Comparison of natural frequencies of the blade with 40-g ice mass in all three zones calculated using equation (5) and identified from the experimental modal analysis.

Ice mass		Flapwise mode	Natural frequency (Hz)
Location	Value (g)	Flapwise mode	Experiment (Figure 9(d))	Using equation (5)
Zone 1	40	Mode 1	9.2580	9.2724
Zone 2	40	Mode 2	43.4300	43.3814
Zone 3	40	Mode 3	118.5000	118.0790

A valid forward relation between ice masses (as independent variables) and natural frequencies (as dependent variables) of the 1-kW wind turbine blade is defined in this section using experimental modal analyses with ice masses. So, first three natural frequencies of the iced blade can be determined using such relation without in need of a structural model like FEM when the quantities of ice masses are known. Similarly, an inverse relation with ice masses as the dependent variables and natural frequencies as the independent variables is required to find the quantities of ice masses whenever natural frequencies of the iced blade are known. It is difficult to express these inverse relations explicitly. However, optimization techniques can be used to serve the purpose of finding the quantities of ice masses which will reduce the natural frequencies in the similar way as that of measured frequencies of an iced blade. A cost function can be defined using the forward relation and target natural frequencies where ice masses are chosen as variables in the optimization techniques and tuned to match the frequencies calculated using the forward relation with target frequencies. This process needs to be repeated for every new set of target frequencies to find corresponding ice masses which makes it cumbersome to use for ice mass detection. Another viable option is to define the inverse relation between ice masses and natural frequencies using an artificial neural network (ANN) model which expresses that relation explicitly, so it is straightforward to use that relation later for detecting ice masses for any new input of natural frequencies of the iced blade.

ANN model

ANNs are inspired from the biological neural networks, where artificial nodes known as neurons are used as computational elements and connected together to form a network. The ANN can be used to estimate or approximate functions that depend on multiple variables. These networks receive input from the neurons in the input layer, and their output are given by the neurons in the output layer. There may be one or more intermediate hidden layers. The neuron behaves as an activation or mapping function (typically a nonlinear function) producing an output corresponding to the input to the neuron. The neurons in the network are connected with each other and associated with some weights and bias which either increase or decrease input signals to the neurons. These weights and bias are determined in the training process where the relation between input and output variables is established (Ata, 2015). The backpropagation algorithm is one of the most widely used algorithms to determine the weights and bias of the neurons organized in layers. In this algorithm, the network signal travels in the forward direction and the errors are propagated backward. This algorithm uses supervised learning in which the network is trained using data for which inputs as well as desired outputs are known. The backpropagation algorithm is a generalization of the least mean square algorithm that modifies network weights to minimize the mean square error $(m s e)$ between the desired and actual outputs of the network. Once trained, the network weights are frozen and can be used to predict output values for any new input samples. The advantage of ANN is that it only needs inputs and outputs of the process to approximate underlying complex nonlinear functions. Other conventional methods like regression analysis require an explicit function definition between the inputs and outputs, whereas the ANN does not require such function definition.
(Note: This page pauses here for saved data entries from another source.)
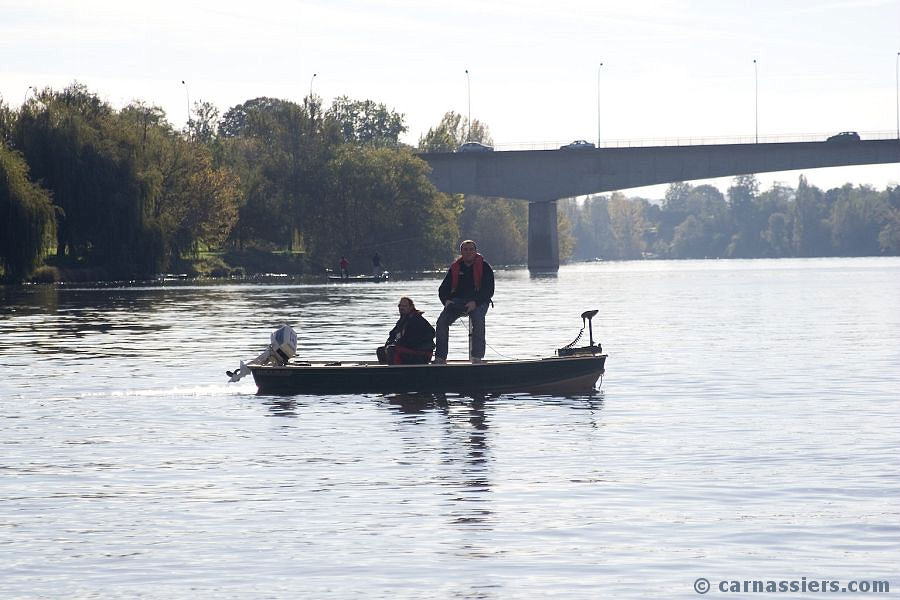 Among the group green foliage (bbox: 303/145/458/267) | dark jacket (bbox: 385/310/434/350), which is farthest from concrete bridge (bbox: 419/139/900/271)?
dark jacket (bbox: 385/310/434/350)

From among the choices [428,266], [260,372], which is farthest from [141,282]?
[260,372]

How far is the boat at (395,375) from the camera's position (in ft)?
78.1

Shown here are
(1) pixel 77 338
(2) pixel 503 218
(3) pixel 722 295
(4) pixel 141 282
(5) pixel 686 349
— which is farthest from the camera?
(2) pixel 503 218

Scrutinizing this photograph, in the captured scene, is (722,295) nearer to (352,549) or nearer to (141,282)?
(141,282)

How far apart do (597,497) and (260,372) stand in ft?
34.9

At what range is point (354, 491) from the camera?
1485 centimetres

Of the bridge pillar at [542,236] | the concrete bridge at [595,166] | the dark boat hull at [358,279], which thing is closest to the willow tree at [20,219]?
the dark boat hull at [358,279]

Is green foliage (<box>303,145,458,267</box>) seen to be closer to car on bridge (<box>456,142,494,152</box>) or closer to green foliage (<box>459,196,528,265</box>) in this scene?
car on bridge (<box>456,142,494,152</box>)

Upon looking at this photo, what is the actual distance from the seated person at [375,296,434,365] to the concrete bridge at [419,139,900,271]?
9802 centimetres

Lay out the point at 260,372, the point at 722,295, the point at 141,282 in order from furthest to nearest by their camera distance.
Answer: the point at 141,282
the point at 722,295
the point at 260,372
A simple network with two neurons in a hidden layer is shown in Figure 11. The input to the network is $x$ and output from the network is $y$ . The connections between neurons from the input to hidden layer are associated with the weights $w_{1} and w_{2}$ , and the neurons in the hidden layer are associated with the biases $b_{1} and b_{2}$ . The neurons from hidden to output layer are associated with the weights $w_{3} and w_{4}$ and the neuron in the output layer is associated with a bias $b_{3}$ . The weights of neurons either increase or decrease input signals to the neuron whereas bias has the effect of increasing or lowering the net input to the neuron. An input pattern is presented to the input layer neurons that pass them onto the hidden layer, and the neurons in the input layer do not perform any computations. Each of the hidden layer neurons computes a sum of the weighted inputs and biases $(v_{i}, i = 1, 2)$ , passes them through their activation function, and presents the result to the output layer. These will be the inputs to neuron in the output layer which compute their weighted sum and then feed to the activation function to compute the output of the network $(y)$ . The backpropagation algorithm determines these weights $w_{i}, i = 1, \dots, 4$ and biases $b_{i}, i = 1, \dots, 3$ such that the difference between network output $(y)$ and the expected value of training data is the minimum, which will be problem specific. The network shown in Figure 11 is a simple network that maps the relation between $x$ and $y$ using two neurons; in general, ANNs are used for function approximation for a data with multiple inputs and outputs. Such applications require multiple neurons organized in layers between the input and output layers. The number of input and output neurons in the network is dictated by the problem under consideration. There is no hard rule to follow for choosing the number of hidden layers, number of neurons in those layers and the number of samples required in the training data set. These parameters are determined by trial and error method for the problem under consideration.

Figure 11.

A simple artificial neural network model.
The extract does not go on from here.